Aunt Rose
by Bob Schwartz
My Aunt Rose has died.
Aunts and uncles are a unique category. In most cases, but not all, they are not quite as close as parents, but in other ways more fun, interesting, exciting, understanding, and comforting.
My uncle Herbie died too soon, many years ago. That was long before blogs or any of my family chronicles. Maybe this will prompt me to finally get around to his stories, which are worthy of a novel, but for now, this is Rose’s moment.
My family was large above my parents’ generation. They grew up with a big circle of aunts and uncles and seemingly dozens of cousins. But my parents themselves had only one sibling apiece, and on top of that, my father was estranged from his brother. So I really had only one aunt and uncle. But given how special they were, that was enough.

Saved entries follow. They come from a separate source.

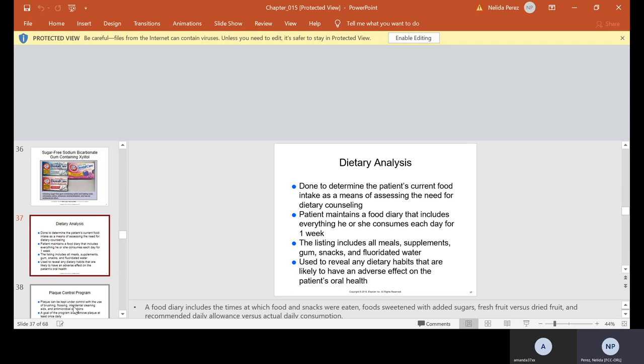Dietary analysis is done to determine the patient's current food intake as a means of assessing the need for dietary counseling. Patient maintains a food diary that includes everything he or she consumes each day for one week. The listing includes all meals, supplements, gum snacks, and fluoridated water. It's used to reveal any dietary habits that are likely to have an adverse effect on the patient's oral health.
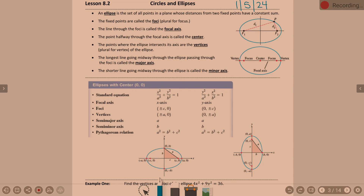Now, vocabulary. There's lots of vocabulary here. The fixed points are called the foci. F1 and F2 are your foci, which is plural for focus. In a parabola, we had a singular focus inside the parabola. In an ellipse, we have two focuses — two foci — on opposite ends of that primary axis.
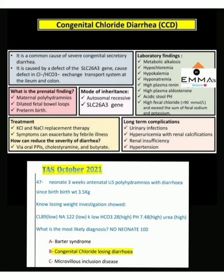Assalamu alaikum dear viewers. In this video I am discussing congenital chloride diarrhea (CCD). Congenital chloride diarrhea is a common cause of severe congenital secretory diarrhea. In secretory diarrhea, a large volume of fluid loss occurs.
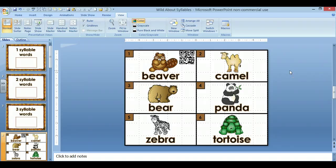Now I'm just going to take my phone and use a QR code reader just to make sure that it works properly. I'm going to use, right now, it's called Neo Reader. And now it has the little Croquet on my phone, and it has the little arrow for you to play. Beaver. And there it is.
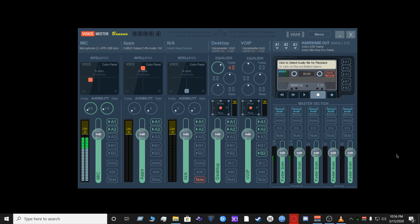This concludes the VoiceMeeter Banana tutorial. I hope you found value in everything covered — the OBS setup, Discord, Skype, and all that you can do with this program. It's a very powerful program. Like, share, and comment to let me know what you thought, and I'll see you on the next one.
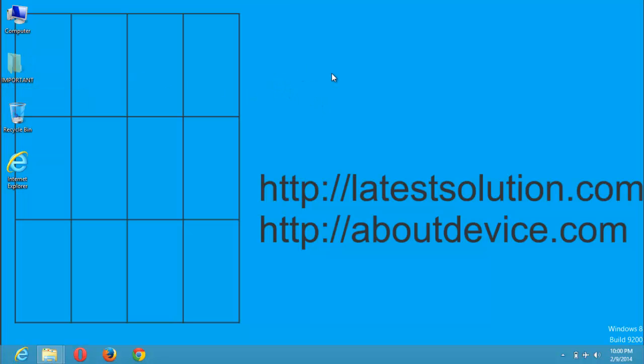Thanks for watching this tutorial. Make sure you subscribe to our channel and always visit latestsolution.com for general tips. Thanks for watching.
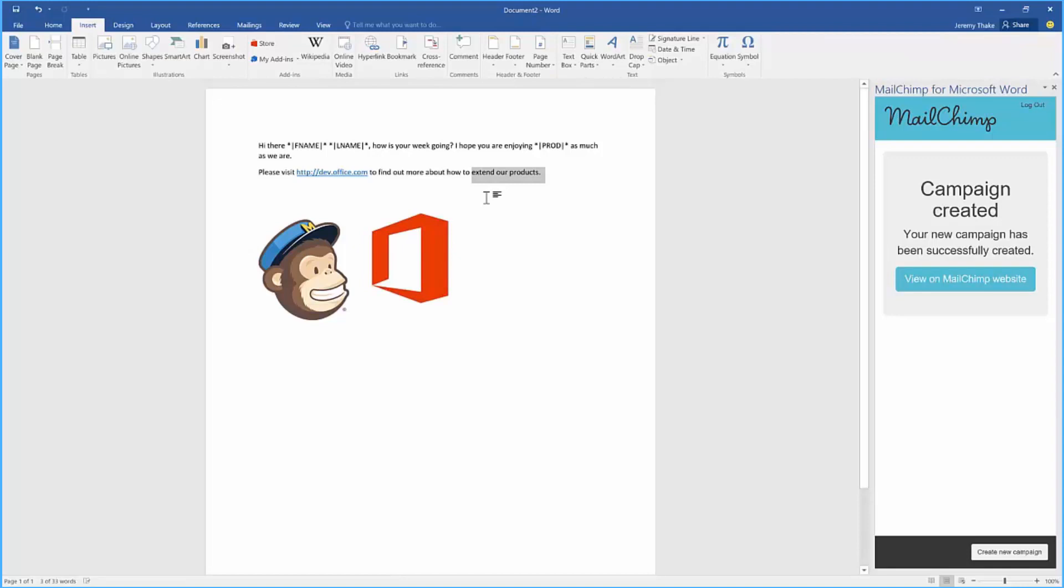I hope that's given you a good idea about the MailChimp add-in for Word which is available right now in the Office Store.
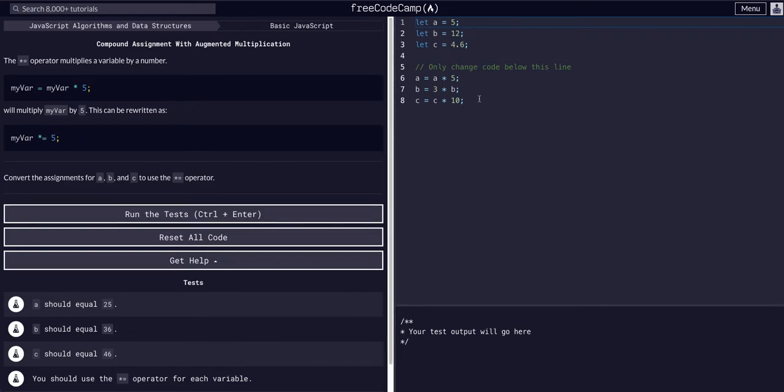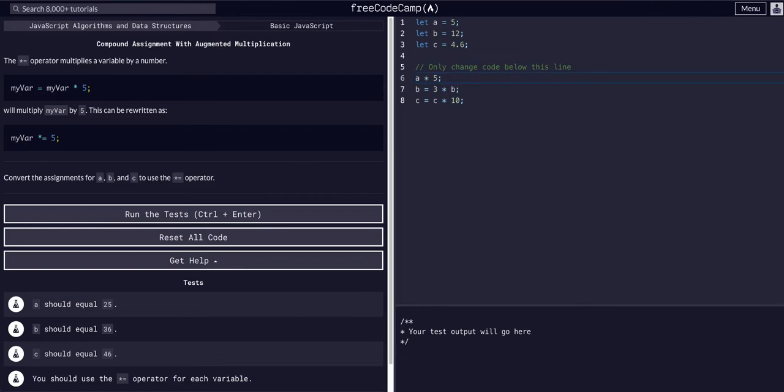So here it just wants us to change that. We can say a equals a times five. We can just change that to a times equals five.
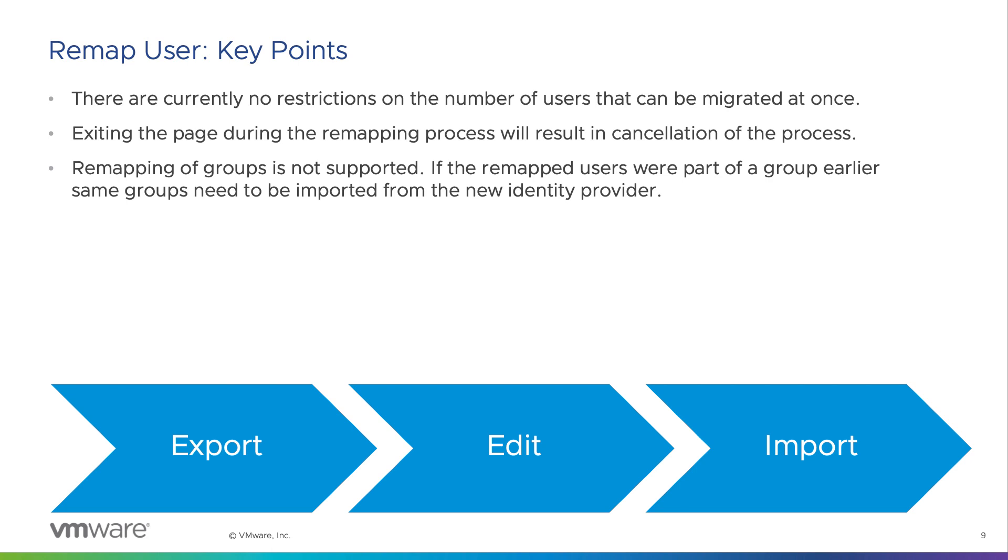Remap of groups is not supported. If the remapped users were part of a group earlier, same groups need to be imported from the new identity provider.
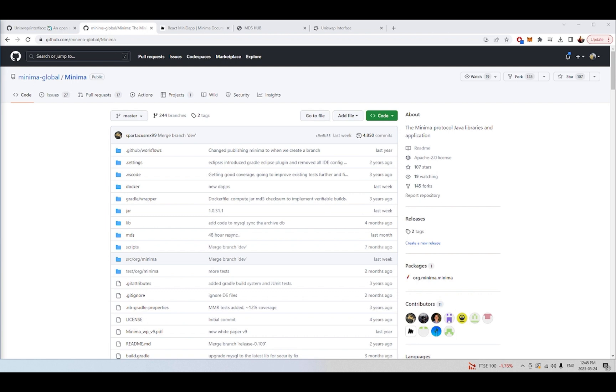So I want to show you in this video how you can use the Minidapp system and the Minihub, not only to create really interesting Minima blockchain applications, which I encourage you to do, but also any decentralized application if you prefer Ethereum-based blockchains or any other blockchain that you would like.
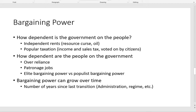The next is bargaining power — it is rent-dependent. If you have independent resource revenues, you're not going to respond to your people if you don't need them. But if you rely on popular taxation — income and sales tax — then you really need the people, and the people have a lot of say. When income taxes are your major source of revenue, the people have all the power. When rents provide your revenue, the government has power and the people don't.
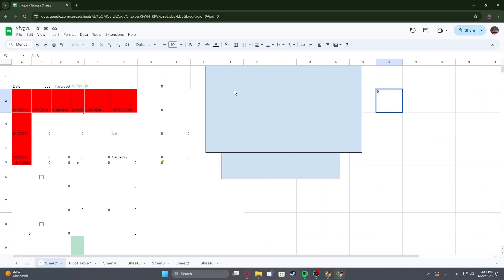Hello! In this video, I want to show you how to check all of the keyboard shortcuts on Google Spreadsheets.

Special, and beautiful. That would be my aunt. Herbie was beautiful inside, my Mom’s deservedly adored baby brother, but I’m not sure how he would have done in a beauty contest. Rose was maybe the first stunningly gorgeous woman I had ever been close to (not that my Mom was shabby, of course). Her parents were Mexican, gracious and sweet, and her mother was just as striking. That heritage would be the source of its own tsuris (Yiddish for “trouble”), as my grandparents refused to accept her into the family for years—even though the couple lived blocks away.
There is no paradise on earth. A nephew has a different and less tense or intense experience of an aunt than her children do, just a grandparents look more ideal to grandchildren than to the parents in the middle. When I grew up, Rose looked and acted like an angel to me. An angel she was, and still is.
I can relate, and just started a blog here to chronicle my grieving process.. Much love and good mourning. :)
That was a lovely tribute. And you’re right, she’s beautiful. I’m guessing because it was a fitting representation of her insides :) Thank you for sharing.